The Top End is home to some of the world’s last free-flowing tropical rivers and largely intact savanna landscapes. Nature is truly abundant here, and it’s why so many of us love it.

That’s why I’m so worried about the Gunner Government and cotton industry’s plan to bring the same policies that have slowly strangled the life out of the Murray-Darling Basin to the Territory.

In the coming weeks, the government is expected to release their plan to let big business take more of these natural wet season flows. This is the biggest water policy change in the NT in decades and would give the green light for the extraction of much more water from our already stretched systems for cotton. This could be catastrophic for the health of our rivers and the communities that rely on them.

The Territory’s natural cycle fluctuates between the two extremes – the Dry, and the flood events of the Wet. Territorians know it’s these big water flows along our rivers and floodplains that feed and sustain our vibrant ecosystems. Research on Top End rivers consistently shows that no water is wasted in the system, and that even small reductions in run-off can have big impacts on fish stocks like barramundi. Is this something we are willing to risk?

A war of words is about to be played out in the field of water management, and none of us should be fooled. This plan involves some truly sneaky wordplay – the rebranding of big dams as something good for rivers, for example, or trying to downplay the proportion of water that will be taken from our systems for cotton using largely meaningless percentages.

There is no way this will pass the Territory pub test.

To understand the potential disaster that awaits, we only have to look south at the Murray Darling Basin and the impact of mis-management, large-agribusiness lobbyists and over-allocation of water from the once-mighty river system. The unfettered push by the cotton industry has seen the rivers sucked dry, despite the best of intentions from overwhelmed regulators, leading to the mass fish deaths and dry riverbeds. Murray-Darling locals are urging us not to make the mistakes they did in letting this controversial industry in.
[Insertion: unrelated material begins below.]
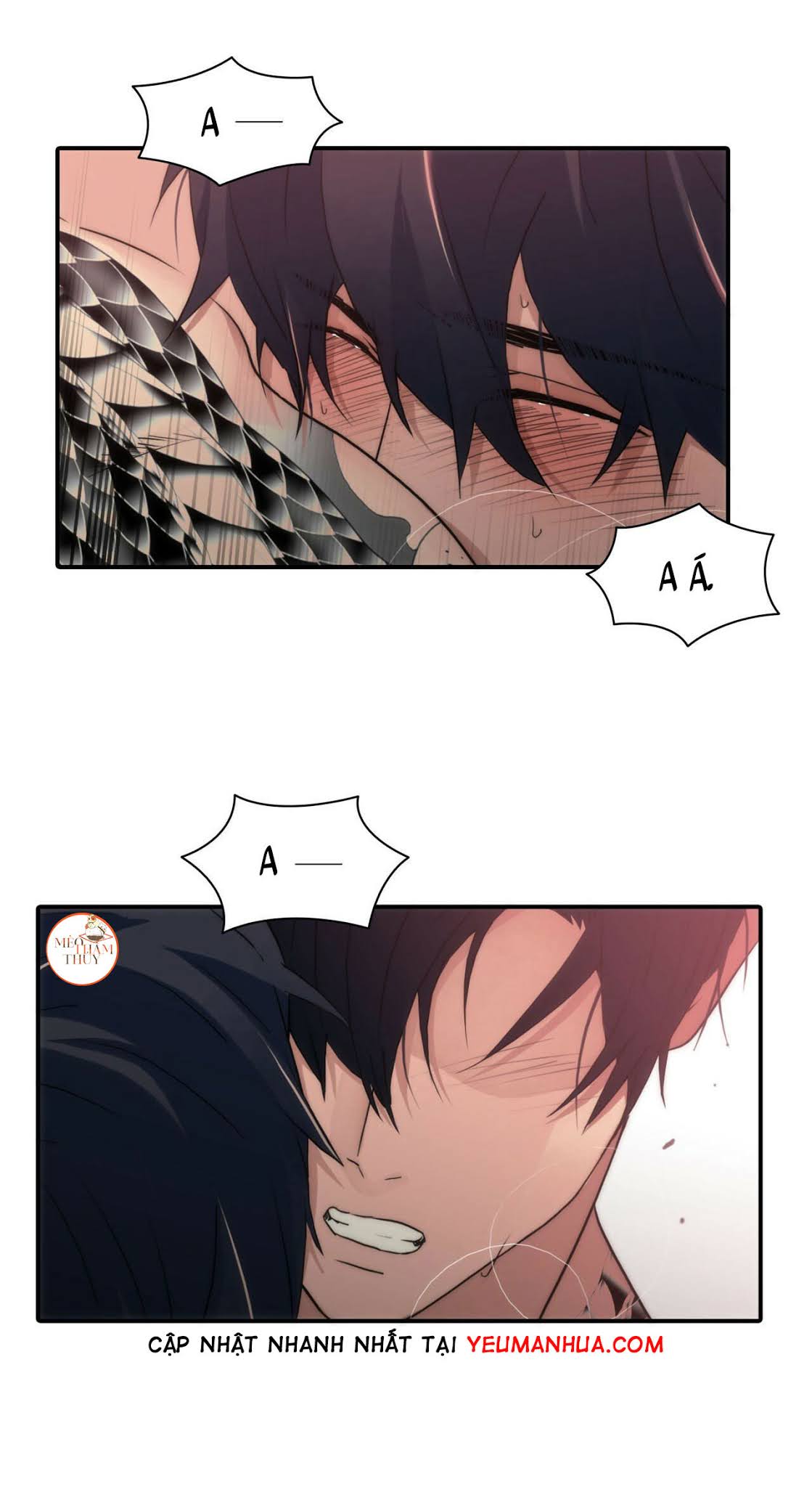 giai điệu của ngôn ngữ chapter 27 51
Once they start, they don’t stop – until the rivers are a shadow of their once mighty selves.

And that’s in a place where they have invested billions of dollars in water management. We all know how it will end here if they allow this industry to build dams for cotton. Water regulation is pitiable in the Northern Territory, with terrible decisions like the massive water licence granted at Singleton Station making it clear to Territorians just whose interests are being protected when it comes to our precious water. It is no surprise that the Environmental Defenders Office recently declared our water laws as among the worst in the country. Stronger laws, transparent enforcement, a precautionary approach and effective compliance and monitoring are all the basics of modern water management that are not currently up to standard in the Territory.

We need to recognise that our rivers and floodplains are a connected system, and we need to keep dams, bulldozers and pollution away from sensitive areas of river catchments.

We can look after the Northern Territory’s unique ecosystems and the communities that rely on them by adopting a better approach to safeguard our river systems and their catchments. Protecting our rivers needs to be a priority, not an afterthought. A lacklustre attempt to spin this rush to take more water from our rivers isn’t fooling anyone.